Подходили первые дни осени 1942-го года. Пленный генерал исчез незаметно. Домики-дачи с комсоставом уже отапливались по вечерам. Пришёл приказ в кочегарку обеспечивать каждый домик по одной вязанке мелко нарубленных дров в день. Переглянувшись с усталым напарником, я взял эту новую нагрузку на себя. За два часа до конца рабочего времени начиналась разноска уже мелко наколотых и специально напиленных для этой цели лесной командой дров. У крыльца каждой дачи меня встречала наша «лагерная зависть», она с милой улыбкой, без какого-либо презрения или превосходства, показывала мне, где надо сложить вязанку. У меня кружилась голова, когда из-за моей неуклюжести я находился чересчур близко к её дышавшей здоровьем, обаянием и притягивающей силы фигуре.
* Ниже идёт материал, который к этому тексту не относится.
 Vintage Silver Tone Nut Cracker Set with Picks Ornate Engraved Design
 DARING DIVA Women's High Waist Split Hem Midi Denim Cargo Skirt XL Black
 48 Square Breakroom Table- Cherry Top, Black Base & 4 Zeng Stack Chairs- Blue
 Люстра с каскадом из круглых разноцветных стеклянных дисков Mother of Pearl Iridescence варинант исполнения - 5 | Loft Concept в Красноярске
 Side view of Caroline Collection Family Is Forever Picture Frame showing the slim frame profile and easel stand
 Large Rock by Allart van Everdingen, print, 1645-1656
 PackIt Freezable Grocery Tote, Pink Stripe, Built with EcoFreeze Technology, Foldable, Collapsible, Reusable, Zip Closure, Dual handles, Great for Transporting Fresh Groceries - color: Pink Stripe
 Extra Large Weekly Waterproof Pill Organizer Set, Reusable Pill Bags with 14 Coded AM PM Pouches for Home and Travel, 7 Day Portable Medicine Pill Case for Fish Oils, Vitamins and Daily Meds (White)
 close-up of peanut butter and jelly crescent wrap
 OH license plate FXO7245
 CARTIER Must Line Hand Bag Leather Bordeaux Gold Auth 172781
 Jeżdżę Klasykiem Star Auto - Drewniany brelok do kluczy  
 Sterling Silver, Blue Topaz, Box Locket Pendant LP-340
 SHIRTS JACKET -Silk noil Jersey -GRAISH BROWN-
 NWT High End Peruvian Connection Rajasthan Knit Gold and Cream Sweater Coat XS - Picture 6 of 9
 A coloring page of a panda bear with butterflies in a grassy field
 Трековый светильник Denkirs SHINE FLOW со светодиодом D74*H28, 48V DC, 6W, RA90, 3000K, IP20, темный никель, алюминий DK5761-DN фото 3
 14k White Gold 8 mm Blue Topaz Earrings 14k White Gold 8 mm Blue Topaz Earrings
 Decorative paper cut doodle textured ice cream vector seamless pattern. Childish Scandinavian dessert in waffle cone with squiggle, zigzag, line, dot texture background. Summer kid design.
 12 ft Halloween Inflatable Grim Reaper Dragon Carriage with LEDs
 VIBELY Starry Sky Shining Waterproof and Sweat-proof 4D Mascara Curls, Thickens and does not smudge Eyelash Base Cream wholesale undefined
Через несколько дней Мария, так звали её, поманила меня войти в дачу, в которой немцами был сложен настоящий камин с ячейками по обеим сторонам для дров. Сняв вязанку с плеча, я, было, начал складывать дрова и вдруг почувствовал, как Мария, присев рядом со мной, коснулась меня плечом. «Что ей, немцев не хватает?» — промелькнуло в моей закружившейся голове. Я взглянул на девицу, но вместо обещающего ласку взгляда, встретился со стальными глазами знающей своё дело женщины:
— Помнишь «Старшого»? Да? Теперь слушай!